Paraná: balanço econômico de 2014

Gilmar Mendes Lourenço
Gilmar Mendes Lourenço

Como nenhuma instância subnacional pode representar o papel de ilha de prosperidade em um oceano de crise, o Paraná começou a identificar, especialmente a partir segundo semestre de 2013, algumas pedras no caminho de seu desenvolvimento econômico e social. Em outras palavras, o panorama adverso que vem assolando a matriz produtiva nacional, desde o princípio de 2011, e que parecia poupar unidades federadas com abrangentes, diversificadas e sólidas âncoras de negócios, se reproduziu com força por essas paragens.

A instabilidade chegou ao Estado em consequência do contágio exercido pela morosa recuperação da economia mundial, mais precisamente do default financeiro de 2008, pela queda das cotações internacionais das commodities agrícolas e pela ausência de uma orientação macroeconômica consistente do executivo federal, notadamente depois de agosto de 2011, quando começou a ser aplicada uma política econômica intervencionista que inibiu o investimento.

O quadro menos animador foi agravado localmente pelo caos produtivo e inflacionário da Argentina, importante destino das vendas externas do Estado, e pela estiagem do final de 2013 e começo de 2014, que afetou o desempenho da safra de verão, notadamente as lavouras de milho e de soja, não compensado pelo excelente resultado obtido pelas culturas de inverno.

Mais que isso, após três anos ininterruptos de expansão, o aparelho econômico operante no Paraná amargou resultados ruins em 2014. O Produto Interno Bruto (PIB) regional variou apenas 0,3% entre janeiro e setembro de 2014, contra 0,2% para a média nacional, ancorado no setor de serviços, o que define um padrão de crescimento qualitativamente inferior. Isso depois de ter evoluído 3,8% ao ano entre 2011 e 2013, versus acréscimo de 2,1% a. para o agregado brasileiro.
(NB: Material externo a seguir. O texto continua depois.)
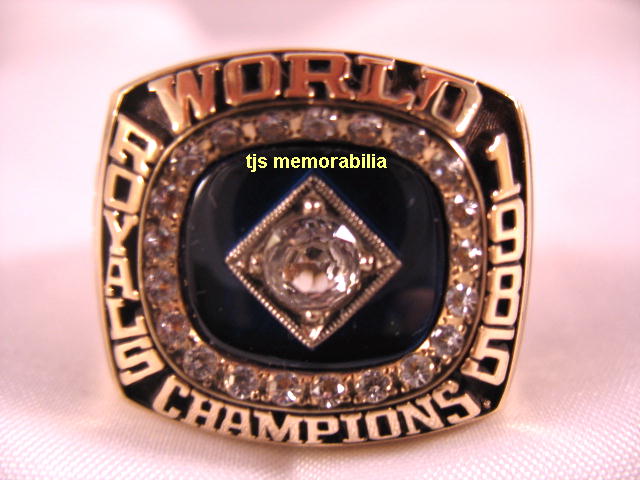 1985 KANSAS CITY ROYALS WORLD SERIES CHAMPIONSHIP RING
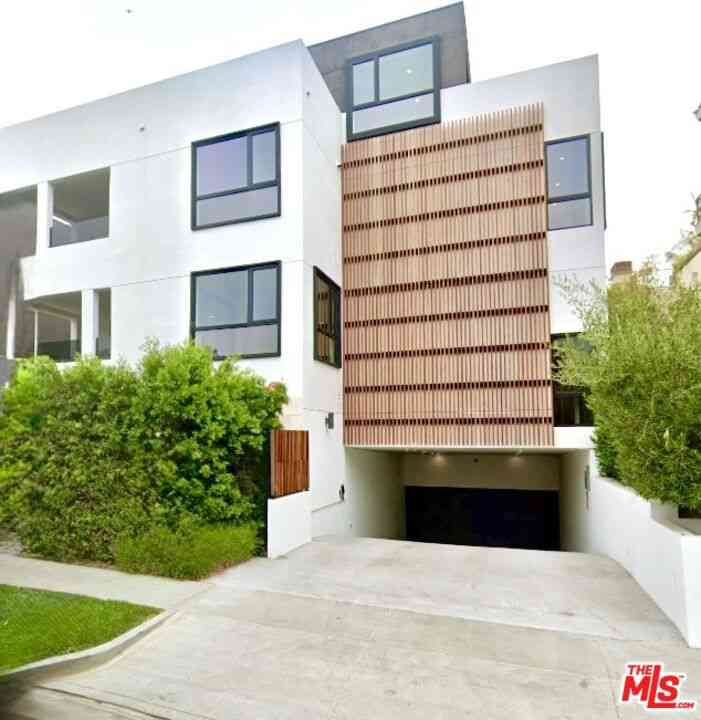Condo For Sale - 724 N Croft Avenue #307<br/> West Hollywood, CA 90069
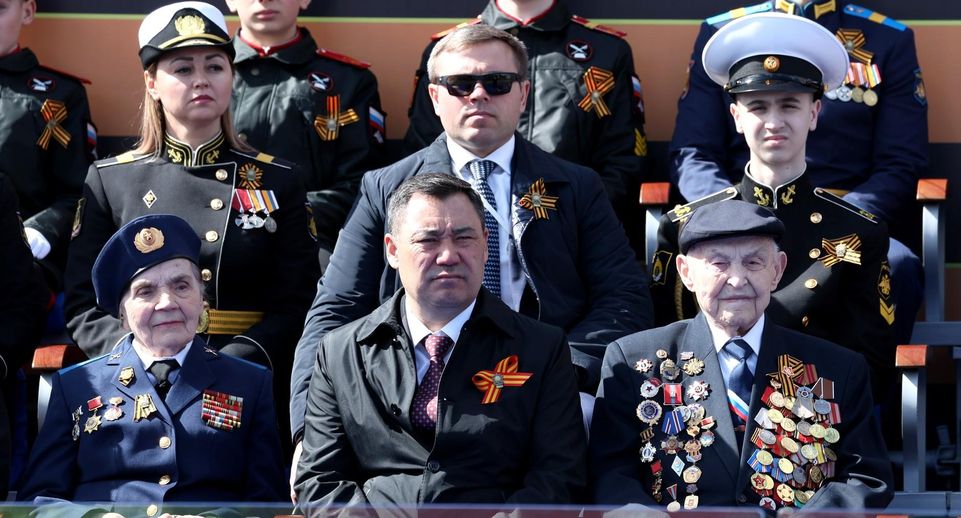 Президент Киргизии примет участие в параде Победы в России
Na mesma linha, o emprego industrial caiu 4,2% no Paraná, contra 3% no Brasil, e o volume de vendas do comércio varejista declinou 3,1%, versus redução de 1,5% para a média do País, no período janeiro-outubro de 2014.

A produção da indústria recuou 6,1% no Estado, contra declínio de 3% para o País, em idêntico intervalo, com o Paraná encabeçando a performance cadente do País, puxada pelos segmentos mais articulados ao agronegócio e aos parques de material de transporte, elétrico, máquinas e equipamentos e produtos químicos.

Aliás, a retração na indústria é, ao mesmo tempo, causa e consequência da fragilização das trocas comerciais do Estado com o resto do mundo. Houve queda de 10,1% no valor exportado, entre janeiro e novembro de 2014, ante diminuição de 6,1% para o Brasil, determinada pela performance negativa dos complexos de alimentos e automóveis. Já as cifras de importações encolheram 9,6%, contra 4,3% para o País, influenciadas por petróleo, material de transporte e insumos do agronegócio.

É prudente reconhecer, em uma atmosfera tão inóspita, tratar-se de um fenômeno conjuntural, motivado, em grande medida, por fatores que escapam ao controle dos agentes econômicos e políticos paranaenses. Estes, por sinal, acumularam trunfos, ou elementos de mudanças e oportunidades, nos últimos quatro anos, que podem ser maximizados na tarefa de superação da situação contracionista.

De fato, a avaliação quase consensual dos meios especializados dá conta de que o Estado do Paraná conseguiu construir, no intervalo de tempo compreendido entre 2011 e 2014, um conjunto de mecanismos e instituições capazes de assegurar um novo salto econômico, à semelhança do ocorrido em outros três momentos de sua história, expressos na implantação da infraestrutura, na década de 1960; na modernização agrícola e agroindustrial, instalação e consolidação da Cidade Industrial de Curitiba (CIC) e atração da refinaria de petróleo da Petrobrás, nos anos de 1970; e no ciclo de diversificação do segundo quinquênio de 1990, liderado pela renovação do complexo automotivo.

Essa perspectiva de mutação, desenhada nos tempos atuais, é resultado da montagem de um novo arranjo institucional, amparado em profundo, e transparente, diálogo entre governo e demais atores sociais por aqui atuantes que, ao ensejar a formação de um clima de estabilidade de regras e segurança jurídica dos contratos, e promover a recolocação do Estado no mapa decisório dos investidores globais e nacionais, favoreceu a multiplicação dos negócios.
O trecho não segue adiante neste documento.